Running for the Santa Clara County Supervisor seat is somewhat of a personal homecoming for Magdalena Carrasco.
A San Jose councilmember since 2015, the lifelong resident has her sight set on returning to the government building she worked in for 11 years of her life as a social worker, campaigning to fill Dave Cortese’s seat after the veteran lawmaker terms out this year.
“It really feels like I’m going full circle at this point, like I’m going back home,” Carrasco said. “All the issues that the county is currently working on – domestic violence, working with our homeless population, affordable housing – the issues that should be at the top of everyone’s list on the county board are the issues that I’m already working on.”
Health and human services
The 52-year-lawmaker said her background in community service guides her priorities and vision for the city, from her time working with children at FIRST 5 Santa Clara County to her role in the Foster Care and Adoptions Program at the county. She said she understands the county government structure, which would be critical in managing these programs from the top down.

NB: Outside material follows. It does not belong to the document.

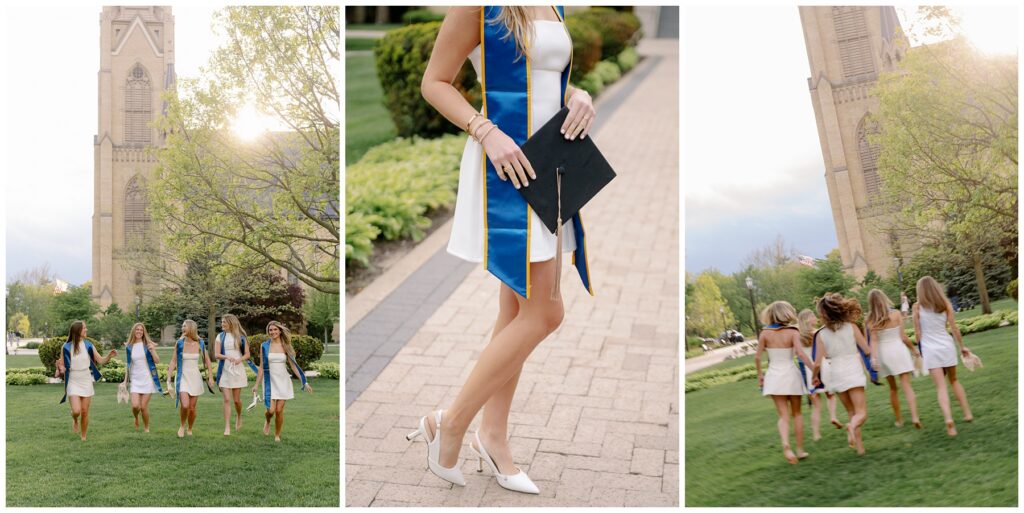 University of Notre Dame graduates walking barefoot across campus during golden hour senior portraits.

In addition to advocating for continued affordable housing — especially on county land — and providing mental health and addiction services for those who need it, Carrasco wants to prioritize making sure women feel safe and children get equal education opportunities countywide – two issues that are already being pushed by Supervisors Cindy Chavez and Susan Ellenberg.
“If they’re fleeing from domestic violence or human trafficking, they know that the county is there, and providing the services that they need for them and their children,” Carrasco said. “I want to be sure that women and children in this county feel safe, regardless of their circumstances.”
According to recent financial disclosure forms, Carrasco’s campaign raised nearly $128,000 in contributions.
County budget spending
Reflecting on her decade of work in the Santa Clara County Department of Family and Children Services, Carrasco would put a focus on funding to fill the hundreds of open positions across county departments.
Carrasco said staff shortages can affect quality of service and care for those who need it most. Pointing to the understaffed mental health Mobile Crisis Response Team, she vowed to make it a necessary allocation of the county’s immense $8.1 billion budget.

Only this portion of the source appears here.